It is therefore imperative to break the “attention frame” of the existing system of power – in economics, law, politics, culture — which subtly dictates the spectrum of credible, “respectable” options. So long as the neoliberal market/state remains the governing framework for acceptable change, the range of permissible solutions will be inadequate. Only a structural reconfiguration of power and new sorts of institutions will open up transformative solution-sets. And this can only be achieved by artfully engineering, sector by sector, a new socio-ecological economy with its own efficacy, values and moral authority.

Thus, along with a grand strategy of “Starving and Stopping” (within the Old), serious support must be given to “Building the New.” This means active, informed support for experimentation, outlier projects, deep conceptual thinking and analysis, strategy convenings, relationship building, and movement-building. It means developing an infrastructure to support an expanding web of learning, institutions and affiliations that help Build and Replicate the New. Since the basic goal is to catalyze a paradigm-shifting emergence (which arises in unpredictable, nonlinear ways), it is misguided to try to apply old-paradigm quantitative metrics to the early-stage instances of a new paradigm.

To give a rough sense of the Big Picture, this infographic depicts some key strategic fronts in the struggle to Starve the Old and Build the New. (This image was developed by Movement Generation Justice and Ecology Project with the Climate Justice Alliance’s Our Power Campaign.)

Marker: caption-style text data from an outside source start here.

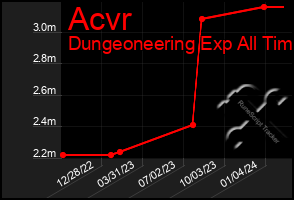 Total Graph of Acvr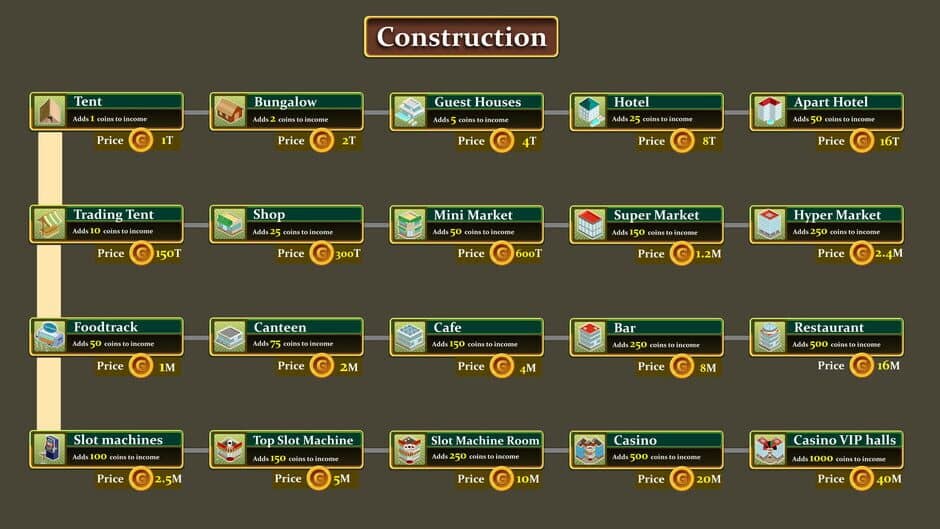 Скриншот 3 из Paradise Architect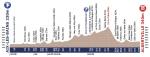 Hhenprofil Tour de lAvenir 2013 - Etappe 3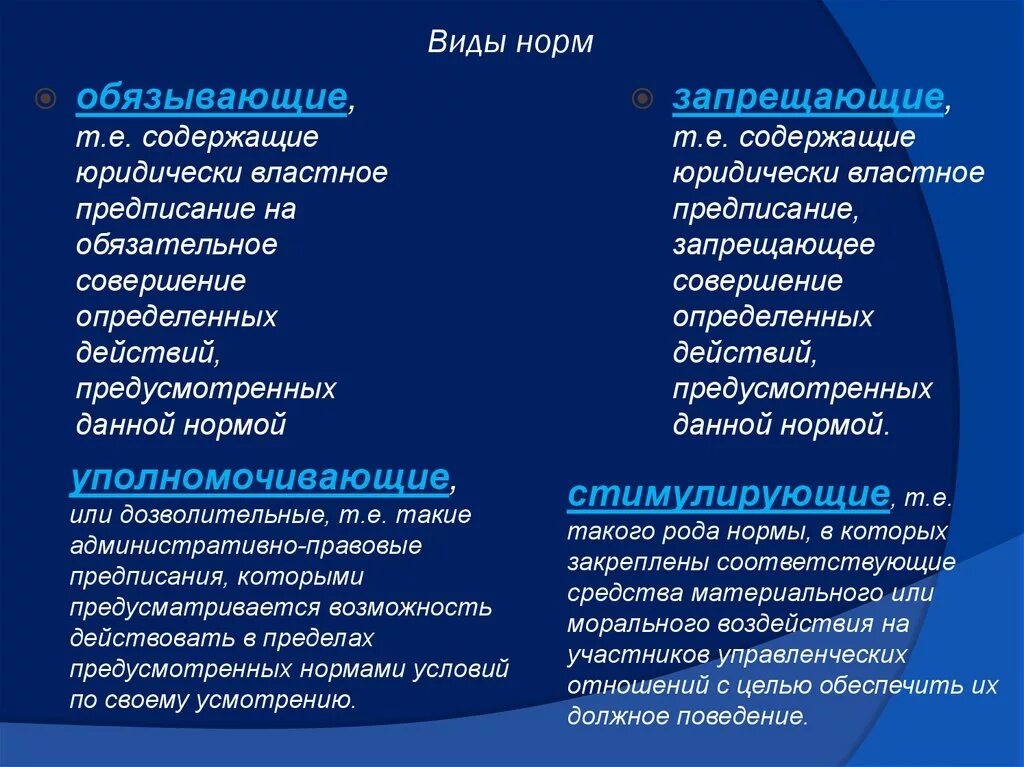 Обязывающие административно-правовые нормы. Обязывающие административно-правовые нормы примеры. Уполномоченные обязывающие запрещающие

As a matter of practical politics, it is complicated to simultaneously try to dismantle the old system from within while also attempting to Build the New. This is well illustrated by the struggle to develop transition strategies for climate change. Moving away from carbon-based fuels and finance capitalism and towards renewable energy and a post-consumerist economy must take place primarily within the old (corrupted, archaic) political and policy apparatus. But the fight to Starve the Old can be greatly assisted if it is connected to and coordinated with efforts to Build the New. The demonstration of feasible alternatives (renewable energy, cooperativism, relocalization, etc.) is itself a way to shift political momentum and the moral center of gravity toward system change. To work, this requires that alternatives incubated outside the existing system achieve a sufficient coherence, intelligibility, scale and functionality.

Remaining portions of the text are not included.